PocketGamer.biz: How did you get started as an indie games developer?

Marc Terris: We were working together as designers and artists for a bigger games company, but after a few years it closed so we had to make the decision of finding another job or create our own. We felt confident enough for giving it a try to create our own game and five years later we are still holding up.

If we look back we weren’t really aware of how difficult is to succeed in this industry, and that would have been really scary.

What is a typical day in your life as an indie?

Xavi Terris: Every day we spend a lot of hours together in the office and being a very small team means we have to take care of a lot of things, so every day is different for us. One day we can be at the office working on the art or the design of a game and on another we have to be dealing with financial tasks or answering emails.

Alike Studio's Love You to Bits

Of course, it has its bad sides, like sometimes you have to deal with tasks that you don’t enjoy doing. But overall we like it that way, as our weeks are not monotonous at all.

What have been the biggest challenges you’ve faced so far as an indie?

Marc: We think that the biggest challenge was the beginning and being able to find our place in the industry.

Now we have an audience and very defined kinds of games that we know work, so there's less risk when producing a project.

When we started being indies we didn't really know a lot of things about the industry or how to run a company, but the experience through the years meant that we learnt a lot and that things became easier.

How do you define ‘success’?

Xavi: From our point of view if people love your games it's a kind of success, but in the end it doesn't really matter if you are not able to get enough profit from it it to make another game, or at least to not lose money. So to be honest, success for us is being able to work on our own games and make a living out of it.

Every day there are more and more people making games and success gets more difficult to accomplish. It doesn’t matter if you succeeded in the past. You need to keep that in mind as if you get too confident and don’t put your passion into every game you work on, it’s really easy to fail.

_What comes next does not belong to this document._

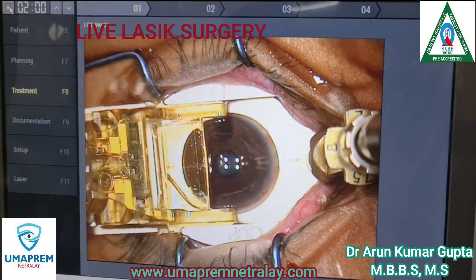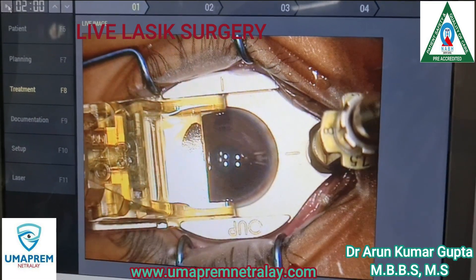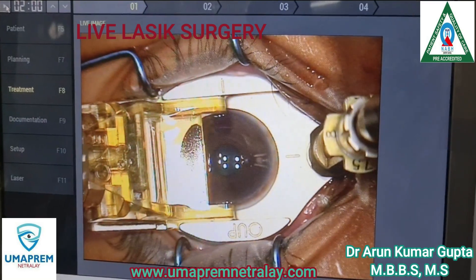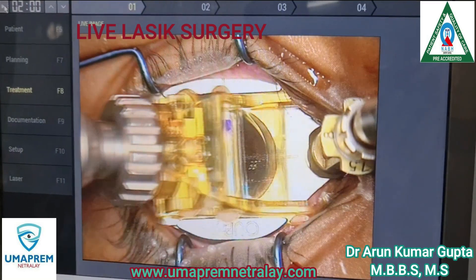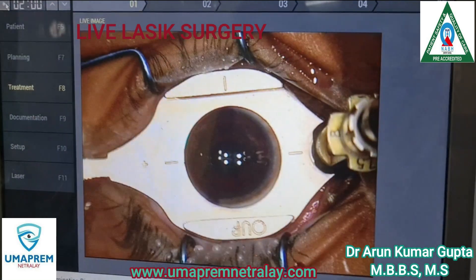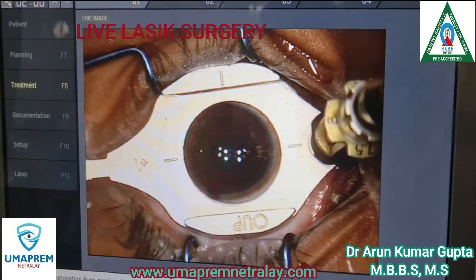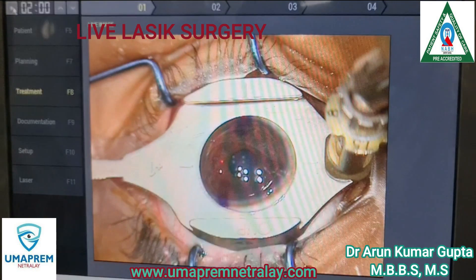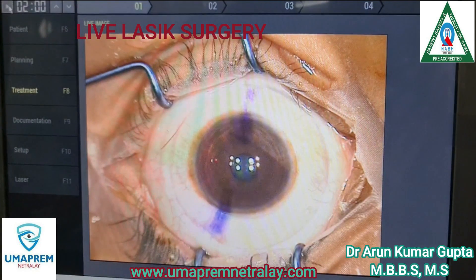You can see here the Kerato. With this Kerato, we made a 90-micron flap thickness. Vacuum is released.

What is your opinion of the mobile games market for indies right now?

Marc: We think that free-to-play is a very hard place for indies because we don't have the resources to compete with the big companies. However, we see the mobile premium market as a place where indies can succeed.

Alike Studio's Bring You Home

If you make a game that stands out in terms of art, gameplay or narrative, we are pretty sure that in the end you'll have visibility and then sales.

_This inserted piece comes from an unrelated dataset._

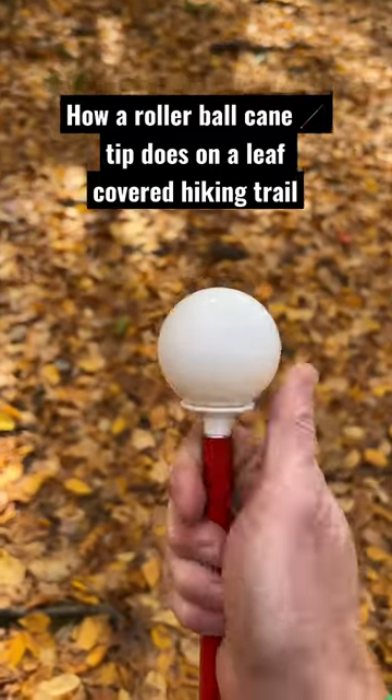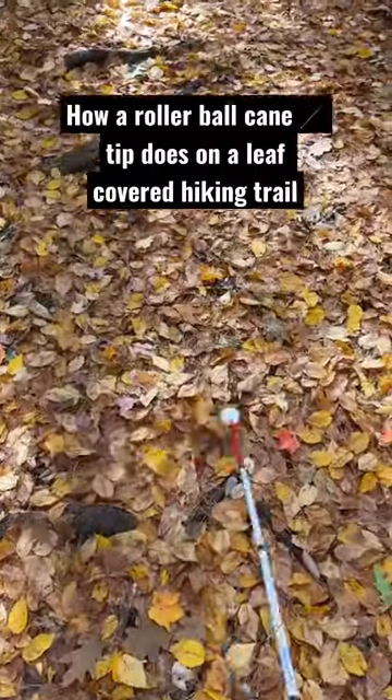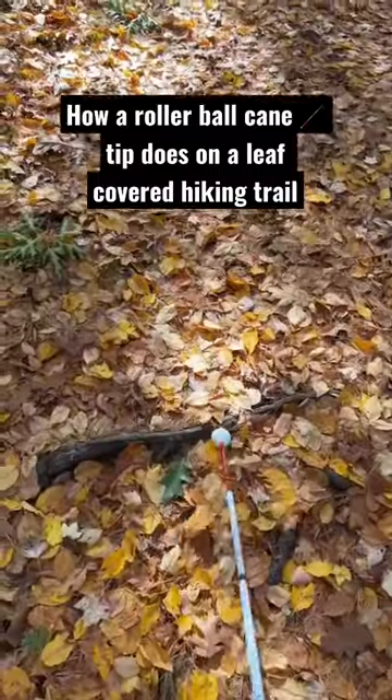Hey there, I'm an orientation and mobility specialist and this is a short demo of how a rollerball cane tip does on a hiking trail covered in leaves. It does a pretty good job of rolling over the small obstacles and is able to locate big obstacles like these tree roots pretty effectively.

There's this belief that premium mobile market is impossible for indies, but from our point of view a quality game has a lot of chances of making it.

Could you tell us about your latest project?

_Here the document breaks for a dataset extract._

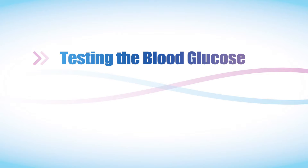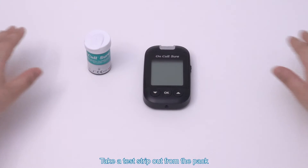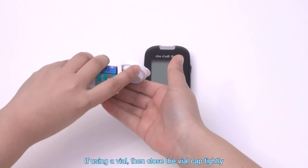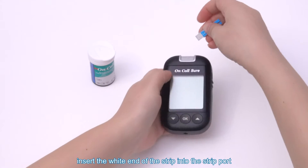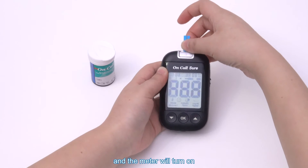Testing the blood glucose. The system requires a very small unit of blood sample, which can be obtained either from the fingertip, palm, or forearm. Take a test strip out from the pack. If using a vial, close the vial cap tightly. With the blue part of the strip facing toward you, insert the white end of the strip into the strip port and the meter will turn on.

Xavi: After "Love You to Bits" and "Bring You Home", Bandai Namco offered us the possibility of working with an awesome IP like "Little Nightmares". After months of very hard work we released "Very Little Nightmares" at the end of May.

The game adapts the universe of the PC/console game to the target and playability of mobile devices. It's been a very different experience from working with your own IP and we learnt a lot in the process.

What are your current plans for the future?

Marc: We’ll keep working on mobile premium games for sure. Our next game will probably be a very visual adventure with some innovative gameplay, but it’s still too early to say.

What we know for sure, and we have learned from this year, is the kind of games that people enjoy and that we know how to make: visually varied, colourful games that are really easy to play and target a wide audience.

So right know what makes sense for us is to follow a similar line for our next projects. Of course there is always room to try new things but we think we need to keep what defines us.

If you had an unlimited budget, what game would you most like to make?

Xavi: Honestly, we think that we'll keep making the same kind of games: very visual and accessible games with something special in the gameplay.

However, with an unlimited budget we could make it a little bigger (not too much) and even more polished. There are a lot of extremely talented people out there and it would be great being able to work with them on a game.

What advice would you give other developers on ‘making it’ as an indie?

Marc: We'd advise them to be very self-critical. If at some point something is not working we think it's very important to be able to take a step back before it's too late.

Sometimes we had to discard weeks' worth of work, and most of the times it’s hard to do it as you feel that you’ve lost a lot of time. But eventually you see that it was the best decision you could have made.

Also we'd advise developers to think very carefully about the game they are going to make. A game not only has to satisfy you as a creator, but it also has to have an audience and stand out somehow from other games.

Deputy Editor

Matthew Forde is the deputy editor at PocketGamer.biz and also a member of the Pocket Gamer Podcast. You can find him on Twitter @MattForde64 talking about stats, data and everything pop culture related - particularly superheroes.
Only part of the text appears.